Korean J Ophthalmol > Volume 19(2); 2005 > Article
Korean Journal of Ophthalmology 2005;19(2):112-115.
DOI: https://doi.org/10.3341/kjo.2005.19.2.112    Published online June 30, 2005.
Bilateral Retinal Dysplasia and Secondary Glaucoma Associated with Homozygous Protein C Deficiency.
Un Chul Park, Ho Kyung Choung, Seong Joon Kim, Young Suk Yu
1Department of Ophthalmology, Seoul National University Children's Hospital, Seoul, Korea. ysyu@snu.ac.kr
2Department of Ophthalmology, Seoul National University Boramae Hospital, Seoul, Korea.
3Seoul Artificial Eye Center, Seoul National University Hospital Clinical Research Institute, Seoul, Korea.

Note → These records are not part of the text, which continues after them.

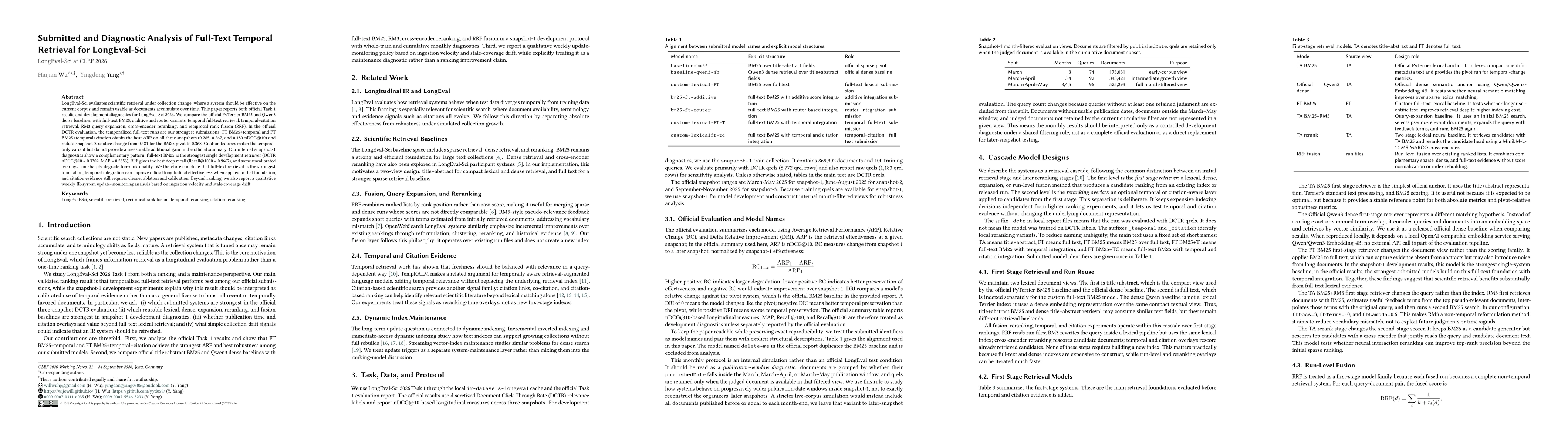 Thumbnail for Submitted and Diagnostic Analysis of Full-Text Temporal Retrieval for LongEval-Sci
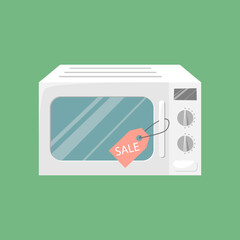 Microwave oven. Isolated vector illustration of kitchen appliances. Promotion in the store. Sale.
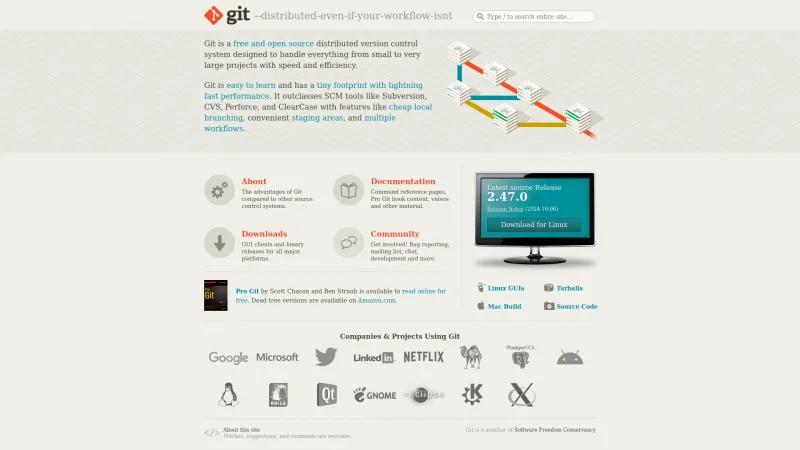 Homepage of Git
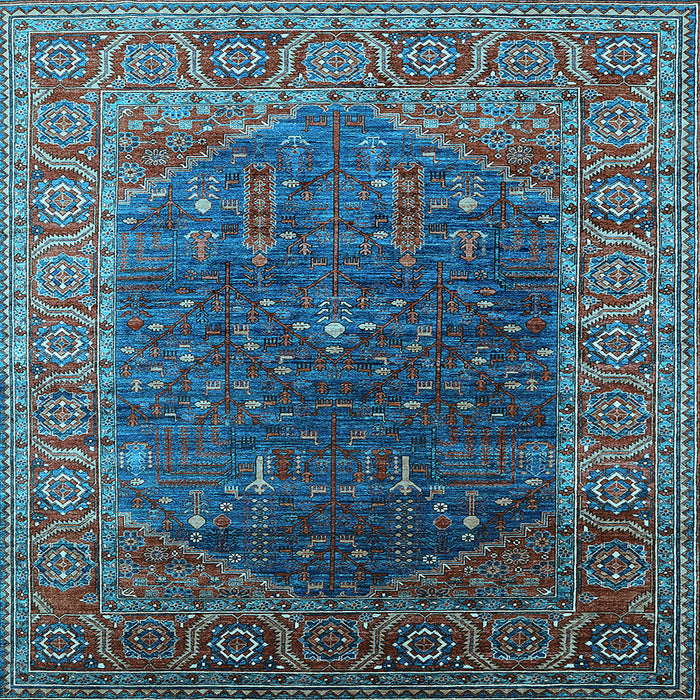 Square Machine Washable Oriental Light Blue Industrial Rug, wshurb2323lblu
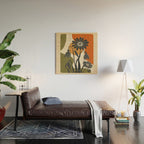 Modern Daisies in Contrast Wood Wall Art Gallery Image 2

Protein C deficiency is an autosomal recessive disorder, which predisposes the patient to potentially blinding and widespread lethal thromboembolic complications, especially in the homozygous type. We here report the first Korean case of ophthalmic involvement and its surgical treatment in homozygous protein C deficiency. METHODS: A 3.4kg, full term girl was born by normal delivery but showed bilateral leukocoria on day 2. Laboratory results disclosed a very low protein C activity level (10%) in the patient and moderately decreased levels in the other family members. Ophthalmic examination showed bilateral corneal opacity and shallow anterior chamber. B-scan ultrasonography which showed intravitreal mass lesions without microphthalmos and a funnel-shaped retinal detachment suggested bilateral retinal dysplasia. RESULTS: As the eyes were under progression of secondary glaucoma, bilateral lensectomies were performed at 2 months old and corneal opacity was regressed to some degree. However, at 14 months old, the left eye showed moderate corneal opacity with a band keratopathy. CONCLUSIONS: Although visual outcome was very poor after surgery, we could impede or slow down the progression of secondary glaucoma and save the eyeballs in the infant with homozygous protein C deficiency.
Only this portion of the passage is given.